At least half of the commission also agreed on three other points of the 16-item list, including making the execution of the Parks and Recreation master plan a top priority, hiring a director of economic development and establishing a plan for improved communication among and between city departments and city officials.
“Some people looked at the world through different vantage points; some a little bit more in the forest, some a little bit more in the trees,” Commissioner Michael Fournier said. “I think kind of at the end we came to the conclusion that some of these goals, maybe some of the ones that got lesser stars, are actually enablers or components of the ones that got more stars.”

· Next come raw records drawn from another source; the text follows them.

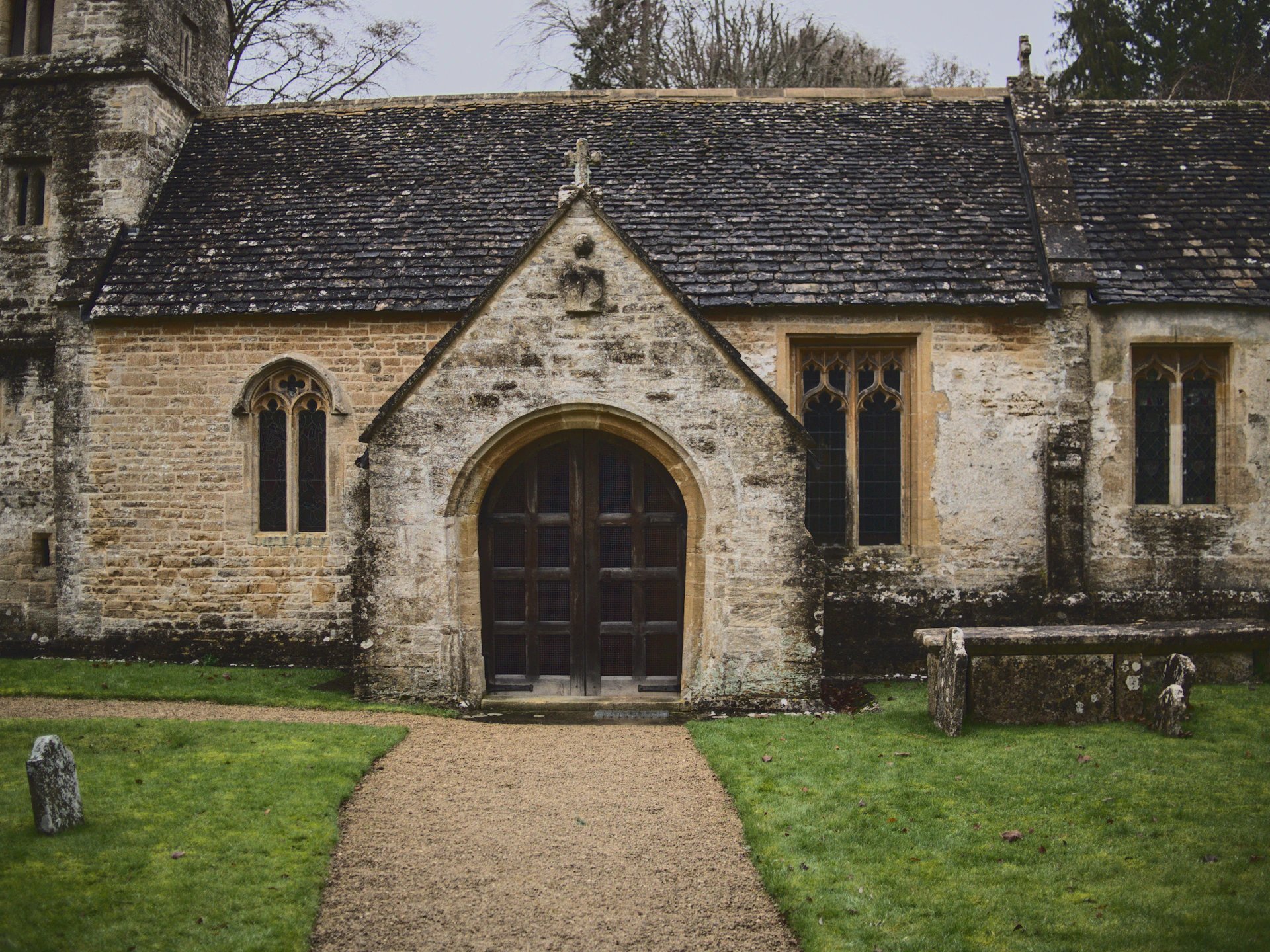 an old stone building with a stone pathway leading to it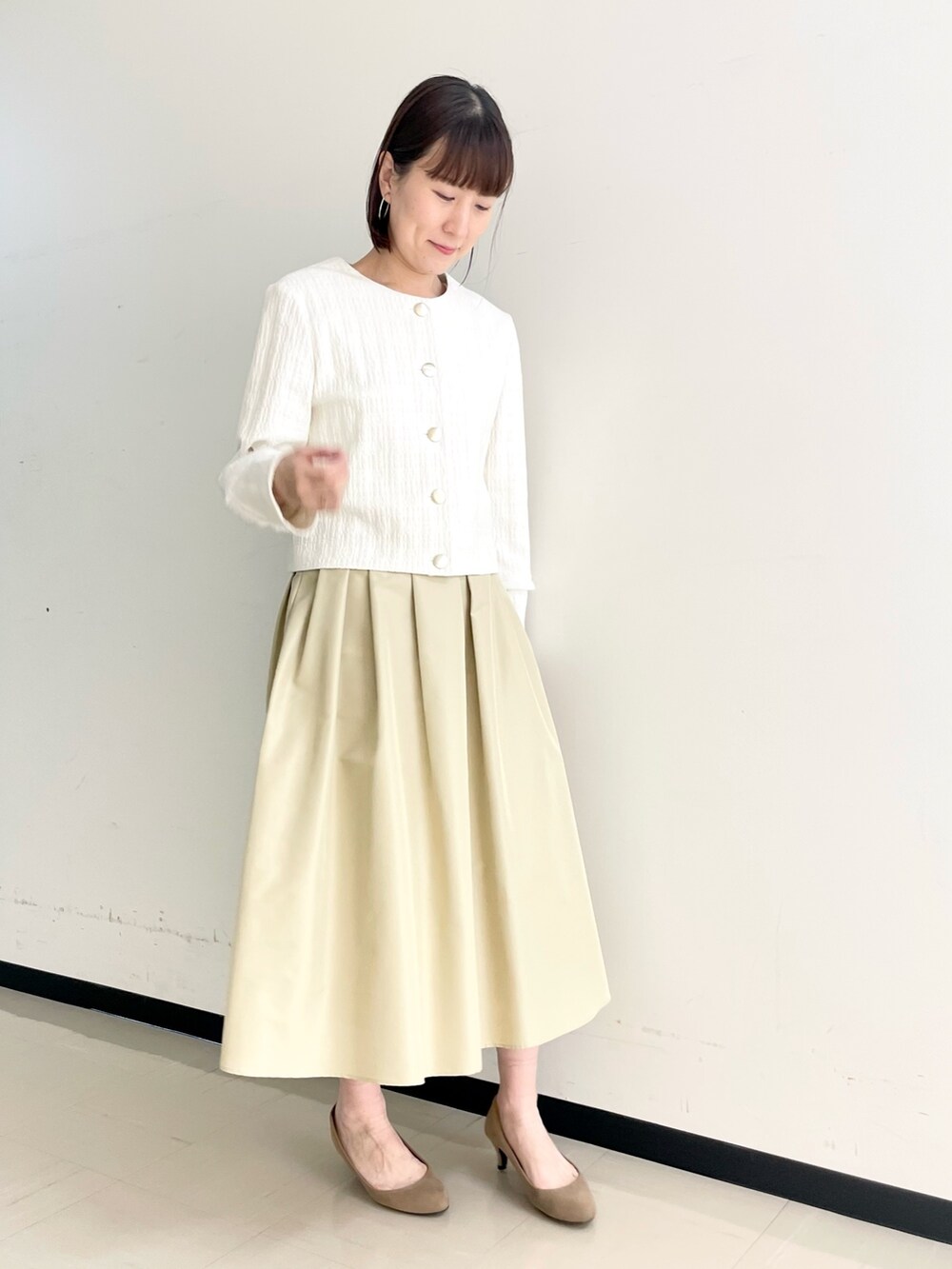 ベージュ系のスカート、ホワイト系のノーカラージャケット、ホワイト系のニット/セーターを着用したレディースの春コーディネートの9枚目の写真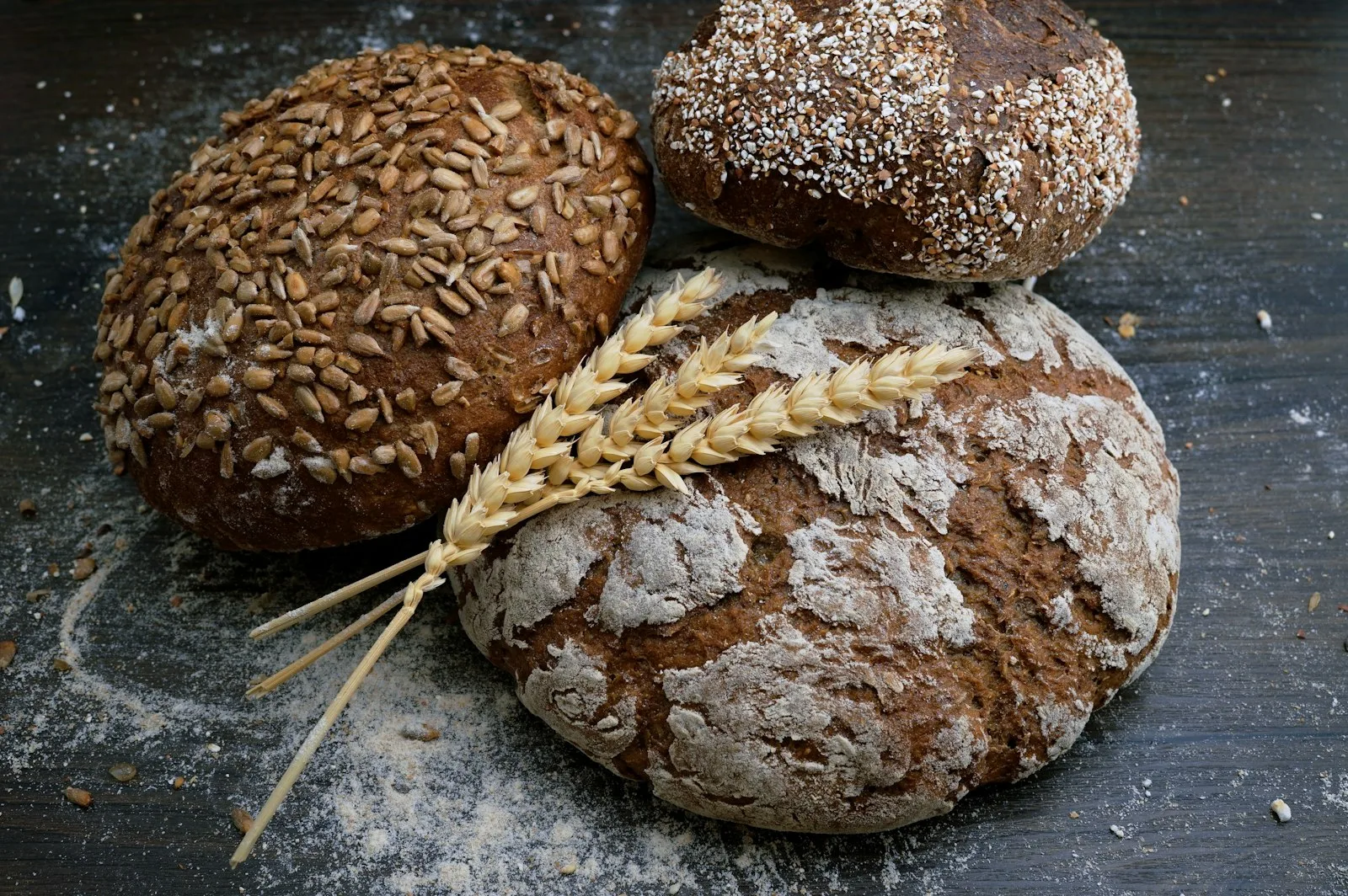 Three round rustic loaves on a floured dark bench, with wheat stalks laid across them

Public safety, regional public transportation, rodent control, a downtown city park and both Downtown Developmental Authority and senior-resident relationships were among the areas remaining in the one- and two-star portions of the strategic plan rankings.
Mayor Pro Tem Patricia Capello cast the second dissenting vote, alongside Rasor, because she said she felt not every suggestion needed to be included, especially if only a single commissioner supported its inclusion.
“I have concerns about the process,” Capello said. “Anyone could put any objective up on the wall. None of them got discarded unless they didn’t get any stars. And you can look at the priority and you have from six stars to one star, and yet every one of them made it into our list of goals and objectives.
“I understand that there was no discussion about whether they should or should not be up there. It only took somebody putting it up there and putting a star next to it to make it now on our list of our objectives, and I’m going to suggest that the list of objectives is extremely ambitious. If there is time to work on all of them, I’d be very, very surprised.”
City Manager Don Johnson said the more focus the plan has, the better. He noted
that the new plan has about half as many items listed as the 2012-13 plan.
“If there are things on this list that are really not your goals, really not things the majority of this commission would like to see get accomplished, I would rather see them get struck now, rather than do the work and then discover that you really didn’t care about them,” Johnson said.